→ Pictures with short captions
- - - - - - -
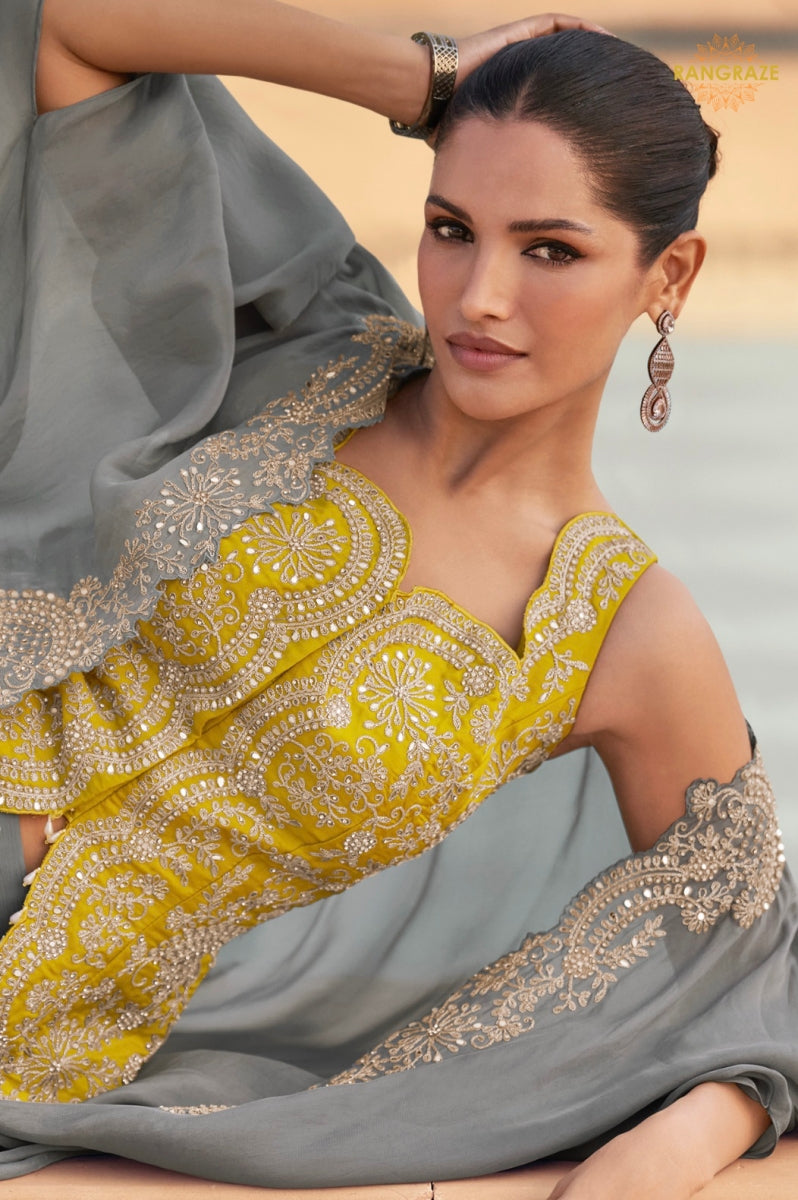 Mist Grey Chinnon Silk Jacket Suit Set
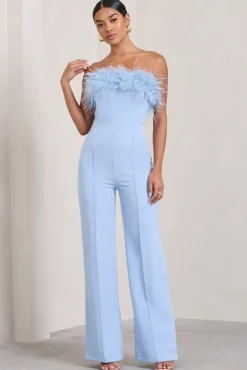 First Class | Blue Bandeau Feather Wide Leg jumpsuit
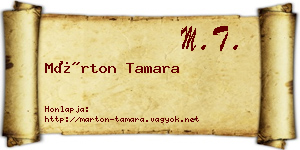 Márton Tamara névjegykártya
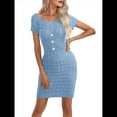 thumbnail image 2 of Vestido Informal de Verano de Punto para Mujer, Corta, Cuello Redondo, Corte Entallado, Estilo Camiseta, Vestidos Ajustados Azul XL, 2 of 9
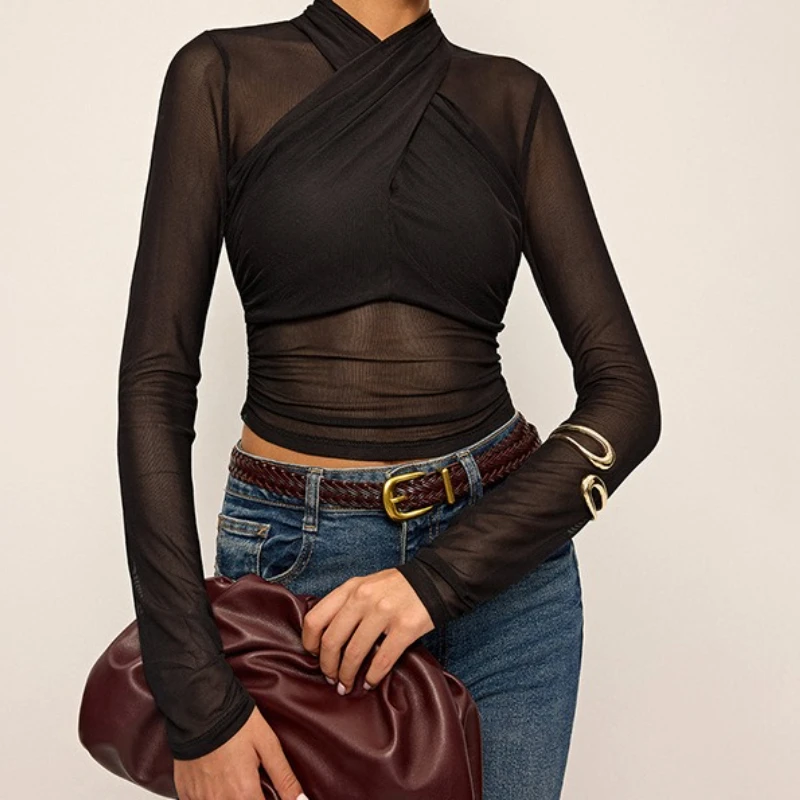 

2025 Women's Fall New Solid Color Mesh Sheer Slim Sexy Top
- - - - - - -
Leave the pictures behind and transcribe every record above exactly.

 Mist Grey Chinnon Silk Jacket Suit Set
 First Class | Blue Bandeau Feather Wide Leg jumpsuit
 Márton Tamara névjegykártya
 thumbnail image 2 of Vestido Informal de Verano de Punto para Mujer, Corta, Cuello Redondo, Corte Entallado, Estilo Camiseta, Vestidos Ajustados Azul XL, 2 of 9

2025 Women's Fall New Solid Color Mesh Sheer Slim Sexy Top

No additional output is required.